Connel felt it. Not Jax’s panic. Not fear.

Decision.

A vector shift in the Force like a blade changing angle mid-strike. Jax was moving fast. Good. Connel didn’t need to see him to know what that meant. The speeder’s wake tore through the currents like a comet. Carnifex would feel that too.

Which meant interception. Which meant bottlenecks. Which meant… obstacles. Connel pivoted.

He didn’t chase Jax. He moved around him.

The negotiation complex sat at the center of Moorja’s transit web. Every major corridor, every lift artery, every aerial approach fed toward it. If Carnifex wanted control, he would tighten the ring. If Jax wanted confrontation, he would head straight for the throat.

Connel?

Connel would sever the nerves.

He vaulted a maintenance barrier and dropped into a lower tram junction already swarming with Sith troopers repositioning toward the spire and the negotiation chamber. He didn’t announce himself. A lightknife embedded into a junction relay box. He fired the lightblaster into the tram’s control node. The vehicle derailed with a screaming shower of sparks, sliding sideways and blocking the corridor entirely.

Troopers scattered.

Connel didn’t linger. He picked up a trooper’s fallen rifle and foraged for a couple of powercells.

He ignited “Dawn’s Light” and cut the support struts of an overhead walkway just as a platoon began to cross.

Metal shrieked.

The walkway collapsed in controlled ruin.

Not killing.

Crippling.

Separating.

Delay.

He moved through smoke like a rumor. He climbed. Maintenance ladders. Ventilation shafts. Service scaffolding. The city was vertical. So was war. From a rooftop vantage, he saw it clearly: Speeder patrols vectoring toward Jax’s path. Heavy assault units establishing a perimeter near the negotiation tower.
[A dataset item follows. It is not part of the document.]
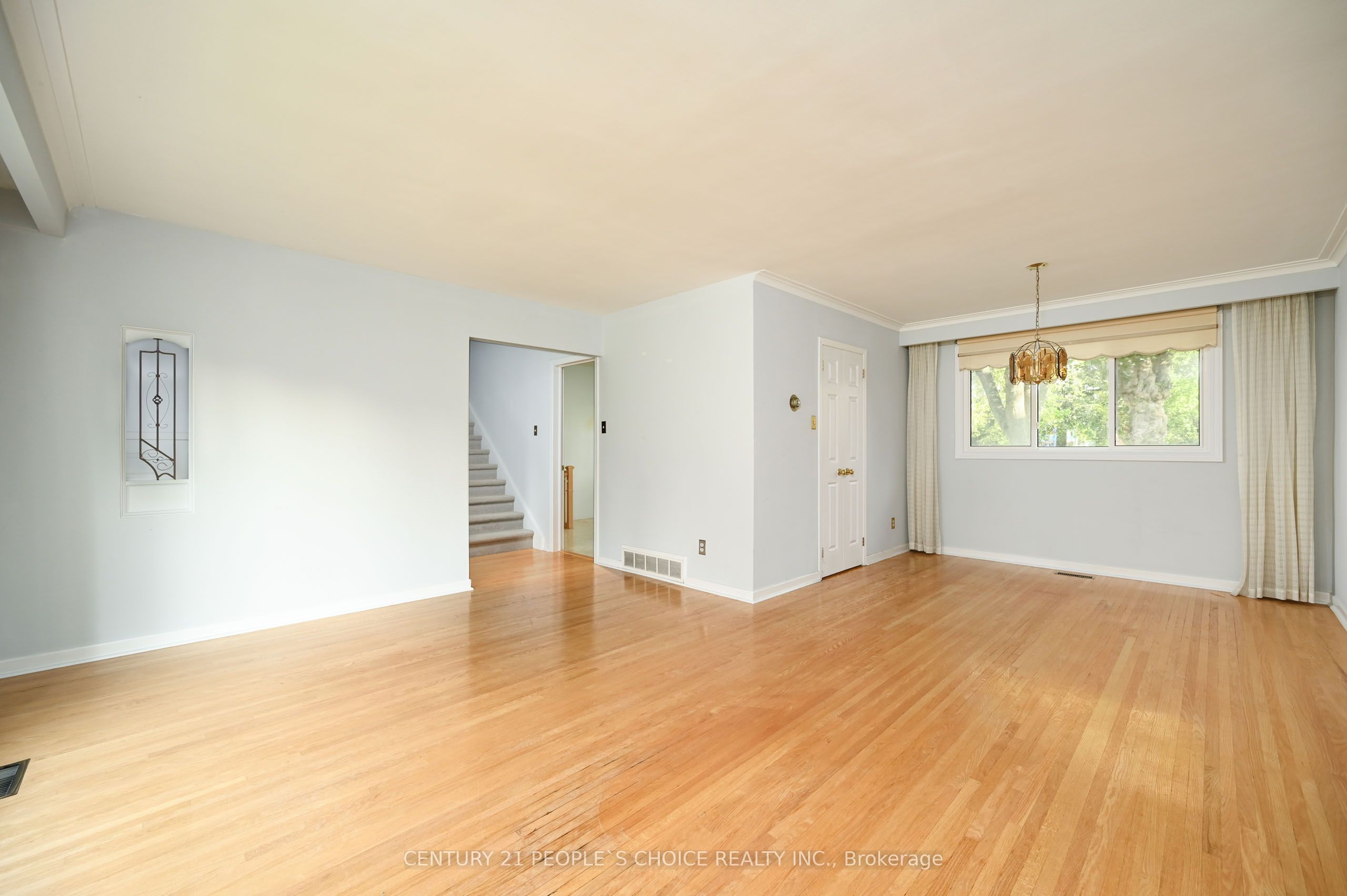 2132 Hixon Street Property Photo 8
Aerial drones locking onto heat signatures. He drew the last four lightknives. One after another, he hurled them into rooftop sensor clusters and drone hubs. Each detonation was precise. Eyes went blind. Routes went dark.

Confusion spread.

Below, a speeder squadron accelerated to intercept Jax. Connel leapt. He landed on the last speeder mid-formation. The rider barely had time to turn before “Windu’s Guile” severed the steering assembly. The speeder veered sideways and collided with the next in line.

A chain reaction.

Fire.

Chaos.

Connel rolled off the wreckage before it exploded, hit the pavement, and kept moving. No speeches. No witnesses now. Just momentum.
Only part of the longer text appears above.